Procedural Posture: The parties appealed two district court decisions denying requests to seal various confidential exhibits attached to the parties’ pre-trial and post-trial motions. The appeals were consolidated. CAFC reversed and remanded.

  • Appellate Jurisdiction: CAFC had jurisdiction over the immediate appeals of the district court’s interlocutory orders under the collateral order doctrine since the appealed orders (1) conclusively determined the disputed question, (2) resolved an important issue completely separate from the merits of the action, which in this case was the balance between the public’s interest in understanding judicial proceedings and the parties’ right to access the courts without being unduly required to disclose confidential information, and (3) were effectively unreviewable on appeal from final judgment, since confidential information cannot be made secret again once revealed.

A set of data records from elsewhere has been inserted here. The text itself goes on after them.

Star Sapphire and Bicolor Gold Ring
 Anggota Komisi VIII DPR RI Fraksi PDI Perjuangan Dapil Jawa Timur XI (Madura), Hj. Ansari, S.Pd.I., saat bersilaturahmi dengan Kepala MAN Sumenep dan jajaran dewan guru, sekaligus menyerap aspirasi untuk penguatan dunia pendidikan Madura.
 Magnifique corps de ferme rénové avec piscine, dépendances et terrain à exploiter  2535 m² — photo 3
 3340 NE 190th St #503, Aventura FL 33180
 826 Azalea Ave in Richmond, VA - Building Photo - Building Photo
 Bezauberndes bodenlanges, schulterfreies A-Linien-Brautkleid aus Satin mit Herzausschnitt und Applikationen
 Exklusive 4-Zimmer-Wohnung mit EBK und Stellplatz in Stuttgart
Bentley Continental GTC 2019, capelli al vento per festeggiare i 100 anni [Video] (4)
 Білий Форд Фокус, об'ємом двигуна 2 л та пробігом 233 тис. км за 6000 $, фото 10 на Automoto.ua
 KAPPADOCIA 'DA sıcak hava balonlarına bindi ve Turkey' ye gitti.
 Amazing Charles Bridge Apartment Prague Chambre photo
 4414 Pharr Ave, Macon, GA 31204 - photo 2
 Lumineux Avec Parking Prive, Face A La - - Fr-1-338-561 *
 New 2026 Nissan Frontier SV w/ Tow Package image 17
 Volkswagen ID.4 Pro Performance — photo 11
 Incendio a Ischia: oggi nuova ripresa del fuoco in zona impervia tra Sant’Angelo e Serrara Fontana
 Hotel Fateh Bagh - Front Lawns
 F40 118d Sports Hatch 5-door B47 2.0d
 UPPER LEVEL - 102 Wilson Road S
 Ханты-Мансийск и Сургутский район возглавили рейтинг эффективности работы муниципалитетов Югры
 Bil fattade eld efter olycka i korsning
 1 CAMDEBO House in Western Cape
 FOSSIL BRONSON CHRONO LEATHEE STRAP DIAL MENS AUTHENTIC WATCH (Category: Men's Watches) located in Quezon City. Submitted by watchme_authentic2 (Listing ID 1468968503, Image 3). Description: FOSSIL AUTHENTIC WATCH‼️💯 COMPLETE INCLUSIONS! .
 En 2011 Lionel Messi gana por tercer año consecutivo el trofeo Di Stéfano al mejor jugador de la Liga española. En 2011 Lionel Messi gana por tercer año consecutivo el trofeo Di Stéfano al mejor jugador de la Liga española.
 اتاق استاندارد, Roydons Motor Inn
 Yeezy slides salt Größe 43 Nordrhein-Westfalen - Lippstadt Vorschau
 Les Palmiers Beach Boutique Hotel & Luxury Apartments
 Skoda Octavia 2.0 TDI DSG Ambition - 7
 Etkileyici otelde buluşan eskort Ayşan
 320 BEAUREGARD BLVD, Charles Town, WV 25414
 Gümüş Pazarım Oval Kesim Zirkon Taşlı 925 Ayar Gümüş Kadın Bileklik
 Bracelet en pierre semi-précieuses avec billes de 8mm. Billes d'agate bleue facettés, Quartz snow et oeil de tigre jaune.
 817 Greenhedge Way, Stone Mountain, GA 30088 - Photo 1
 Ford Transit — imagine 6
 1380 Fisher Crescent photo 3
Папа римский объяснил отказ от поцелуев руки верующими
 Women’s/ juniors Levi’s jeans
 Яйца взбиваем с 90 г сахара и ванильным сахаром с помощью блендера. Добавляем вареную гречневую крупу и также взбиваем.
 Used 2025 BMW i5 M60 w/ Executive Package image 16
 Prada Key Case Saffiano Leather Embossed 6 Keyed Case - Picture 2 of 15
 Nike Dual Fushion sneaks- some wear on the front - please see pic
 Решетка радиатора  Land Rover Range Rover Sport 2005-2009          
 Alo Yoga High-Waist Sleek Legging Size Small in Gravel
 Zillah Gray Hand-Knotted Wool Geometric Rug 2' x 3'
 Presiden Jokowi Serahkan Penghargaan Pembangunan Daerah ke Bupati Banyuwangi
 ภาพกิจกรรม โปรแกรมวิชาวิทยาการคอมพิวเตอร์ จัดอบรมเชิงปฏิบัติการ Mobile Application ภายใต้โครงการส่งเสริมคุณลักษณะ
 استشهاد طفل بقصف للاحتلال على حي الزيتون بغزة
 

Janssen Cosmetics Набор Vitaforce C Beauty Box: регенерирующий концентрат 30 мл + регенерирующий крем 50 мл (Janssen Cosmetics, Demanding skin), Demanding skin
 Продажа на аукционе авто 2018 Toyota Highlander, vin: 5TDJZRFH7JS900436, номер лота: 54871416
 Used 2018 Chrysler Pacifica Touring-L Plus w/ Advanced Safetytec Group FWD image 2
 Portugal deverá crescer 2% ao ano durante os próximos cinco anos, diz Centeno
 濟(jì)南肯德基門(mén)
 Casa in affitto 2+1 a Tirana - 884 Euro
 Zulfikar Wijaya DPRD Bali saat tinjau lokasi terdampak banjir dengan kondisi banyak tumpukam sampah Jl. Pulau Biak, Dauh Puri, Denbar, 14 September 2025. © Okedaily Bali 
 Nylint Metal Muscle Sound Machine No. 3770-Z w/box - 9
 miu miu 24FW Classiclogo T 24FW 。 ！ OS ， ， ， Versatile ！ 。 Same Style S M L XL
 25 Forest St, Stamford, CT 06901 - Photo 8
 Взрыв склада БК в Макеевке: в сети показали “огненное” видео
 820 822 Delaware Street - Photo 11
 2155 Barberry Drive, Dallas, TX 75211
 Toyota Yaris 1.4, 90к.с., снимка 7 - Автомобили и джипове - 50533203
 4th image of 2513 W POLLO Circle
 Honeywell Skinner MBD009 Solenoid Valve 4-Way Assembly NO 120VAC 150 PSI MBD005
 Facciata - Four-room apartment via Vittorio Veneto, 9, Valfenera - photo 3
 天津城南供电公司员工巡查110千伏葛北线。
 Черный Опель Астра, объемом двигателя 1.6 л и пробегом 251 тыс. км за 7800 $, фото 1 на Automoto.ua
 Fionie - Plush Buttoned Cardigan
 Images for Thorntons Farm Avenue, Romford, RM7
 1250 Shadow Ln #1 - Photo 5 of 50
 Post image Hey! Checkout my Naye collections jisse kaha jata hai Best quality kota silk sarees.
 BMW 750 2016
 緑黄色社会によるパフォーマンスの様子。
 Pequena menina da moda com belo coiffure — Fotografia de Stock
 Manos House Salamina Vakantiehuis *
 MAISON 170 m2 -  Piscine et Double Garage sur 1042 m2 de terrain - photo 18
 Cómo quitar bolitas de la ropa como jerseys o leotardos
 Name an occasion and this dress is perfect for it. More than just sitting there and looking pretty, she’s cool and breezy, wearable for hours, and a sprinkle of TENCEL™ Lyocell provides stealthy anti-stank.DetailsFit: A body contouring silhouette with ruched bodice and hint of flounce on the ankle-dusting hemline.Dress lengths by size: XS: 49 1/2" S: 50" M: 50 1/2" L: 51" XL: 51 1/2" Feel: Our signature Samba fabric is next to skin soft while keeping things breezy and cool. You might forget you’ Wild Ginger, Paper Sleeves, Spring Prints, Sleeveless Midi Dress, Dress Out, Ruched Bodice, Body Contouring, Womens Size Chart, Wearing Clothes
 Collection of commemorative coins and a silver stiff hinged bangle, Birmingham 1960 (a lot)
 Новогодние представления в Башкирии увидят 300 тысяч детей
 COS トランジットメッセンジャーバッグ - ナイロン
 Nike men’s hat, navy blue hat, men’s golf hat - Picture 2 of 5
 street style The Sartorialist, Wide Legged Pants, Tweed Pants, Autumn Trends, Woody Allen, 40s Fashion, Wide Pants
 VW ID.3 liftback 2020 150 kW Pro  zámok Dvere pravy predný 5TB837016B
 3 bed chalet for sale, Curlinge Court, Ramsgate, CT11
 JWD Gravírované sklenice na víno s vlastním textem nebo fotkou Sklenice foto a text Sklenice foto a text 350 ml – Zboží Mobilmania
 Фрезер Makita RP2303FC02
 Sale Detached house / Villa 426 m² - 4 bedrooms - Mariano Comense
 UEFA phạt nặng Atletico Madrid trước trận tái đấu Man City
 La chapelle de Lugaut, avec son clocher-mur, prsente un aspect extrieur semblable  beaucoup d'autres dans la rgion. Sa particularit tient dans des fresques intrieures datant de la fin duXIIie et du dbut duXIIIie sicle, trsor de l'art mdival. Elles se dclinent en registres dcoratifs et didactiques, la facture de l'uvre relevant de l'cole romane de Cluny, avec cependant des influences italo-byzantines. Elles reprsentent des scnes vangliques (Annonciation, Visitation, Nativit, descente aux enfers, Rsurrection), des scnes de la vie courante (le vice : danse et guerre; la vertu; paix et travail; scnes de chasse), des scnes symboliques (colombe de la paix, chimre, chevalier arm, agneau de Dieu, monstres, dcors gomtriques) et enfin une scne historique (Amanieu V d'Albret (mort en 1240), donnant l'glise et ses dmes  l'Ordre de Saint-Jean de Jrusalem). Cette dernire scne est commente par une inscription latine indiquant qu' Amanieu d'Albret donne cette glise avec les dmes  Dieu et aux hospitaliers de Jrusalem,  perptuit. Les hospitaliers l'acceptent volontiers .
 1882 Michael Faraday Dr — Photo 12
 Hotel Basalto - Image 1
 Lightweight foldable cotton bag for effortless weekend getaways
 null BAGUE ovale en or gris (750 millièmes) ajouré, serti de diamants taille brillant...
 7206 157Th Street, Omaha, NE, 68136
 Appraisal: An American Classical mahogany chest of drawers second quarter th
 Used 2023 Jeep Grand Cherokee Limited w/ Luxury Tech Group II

  • Sealing/Unsealing Judicial Records: In deciding whether to seal documents, a court must balance the public interest and the interest of the party seeking to seal. The Ninth Circuit has a strong presumption in favor of public access to court records, which can be overcome by sufficiently compelling reasons. An exception to the presumption of public access exists with respect to attachments to non-dispositive motions. To preserve the secrecy of such sealed discovery documents, the Ninth Circuit requires only a showing of good cause under Fed. R. Civ. P. 26(c). Here, the district court committed legal error in applying the “compelling reasons” standard when it should have applied the “good cause” standard. Nonetheless, CAFC found the documents at issue should have been sealed even under the “compelling reasons” standard. In reaching the determination that the district court abused its discretion by ordering the documents to be unsealed under the compelling reasons standard, CAFC found that the parties could suffer competitive harm if the documents were not sealed, and that the public interest in the documents was minimal given they were neither bases for the damages award nor essential to the court’s rulings on the pre-trial motions. CAFC also found that shareholders’ interests in determining financial risks, and consumers’ interests in manufacturing and pricing decisions, are not relevant to the balancing test. Accordingly, CAFC reversed the district court’s decisions and remanded.